The film stars Johnny Depp (Pirates of the Caribbean) as Dr. Will Castor, a researcher and scientist that heads efforts to further develop artificial intelligence. Will Castor is a popular and public figure who is quickly targeted and shot by a guerrilla anti-tech group called R.I.F.T.. In order to save Will, his wife Evelyn, portrayed by Rebecca Hall (Iron Man 3) and close friend Max played by Paul Bettany (The Da Vinci Code), use a program that they created called P.I.N.N. to upload Will’s consciousness. When Will goes live online, he expresses a limitless potential, as he suddenly advances intelligence efforts beyond the present day and has access to global networks. When he urges his wife that he needs more power, Evelyn is prompted to create a large facility in the middle of a desert, below an isolated town, so that he can continue to grow and share his outputs. Max on the other hand is very doubtful of this new, advanced Will, and soon joins forces with R.I.F.T. to bring Dr. Castor down.
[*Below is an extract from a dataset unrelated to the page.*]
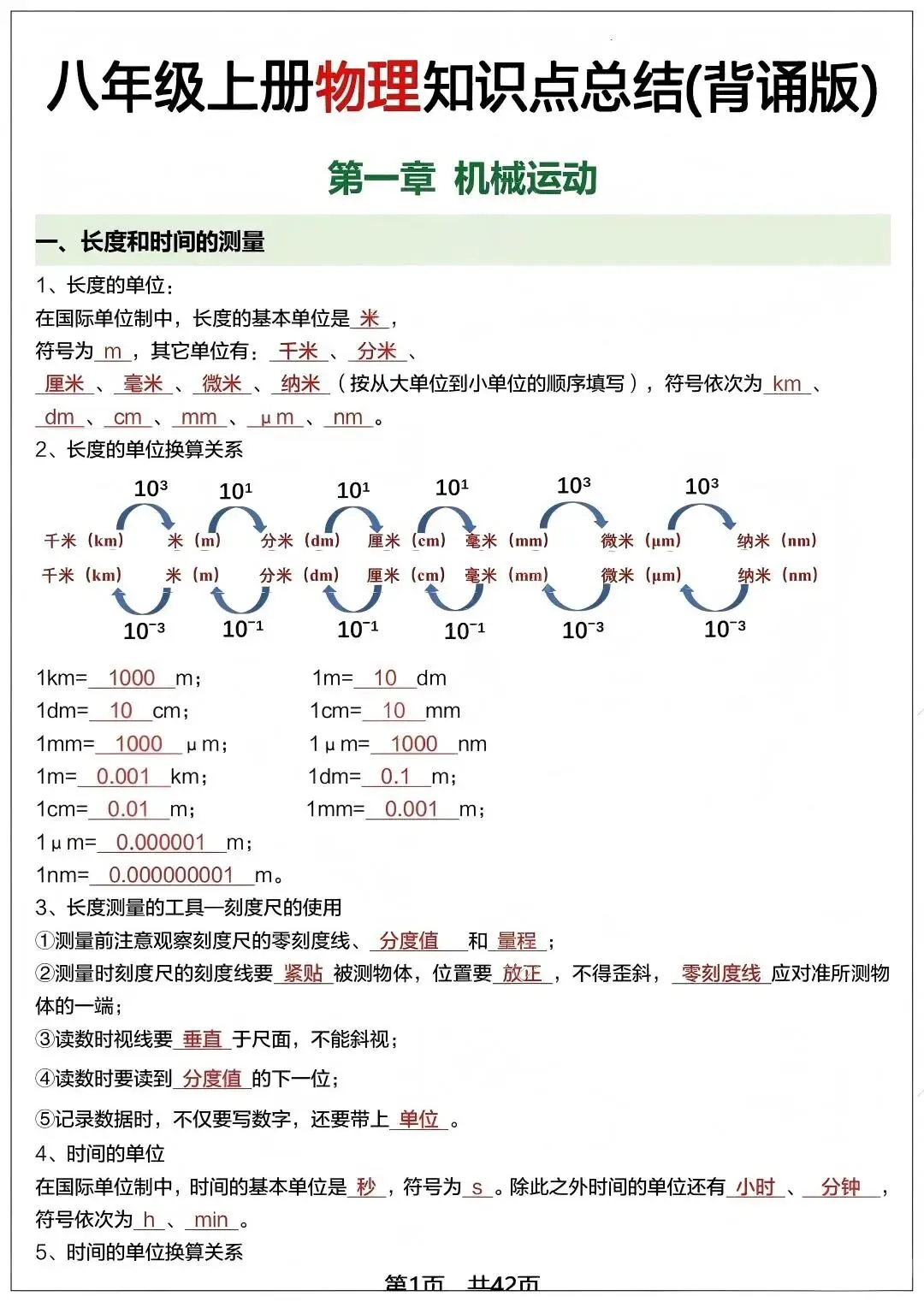 中考物理基础过关:机械运动知识点梳理 第2张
A bulk of this story comes down to Evelyn’s desire to hold on tight to her husband, especially when his new form enhances his ability to help save the world. Physical disabilities, global poverty, and the water crisis slowly become easily solvable issues, all because of Will’s synthetic creations. As a fellow doctor/tech-advocate, it’s all Evelyn has ever dreamed of and then some because she gets to keep her husband. The problem is that she fails to differentiate between her husband and the computer program that she merged him with so that he could live on. It’s really the only emotional thread of the film and Rebecca Hall carries it well enough. Audience members will surely identify with her character’s difficulty in letting her husband go because Hall convinces you that her distorted hope is legitimate. Unfortunately, when it does waver, any belief in her character also gets thrown out the window because her changes don’t feel as natural as one would want them to feel.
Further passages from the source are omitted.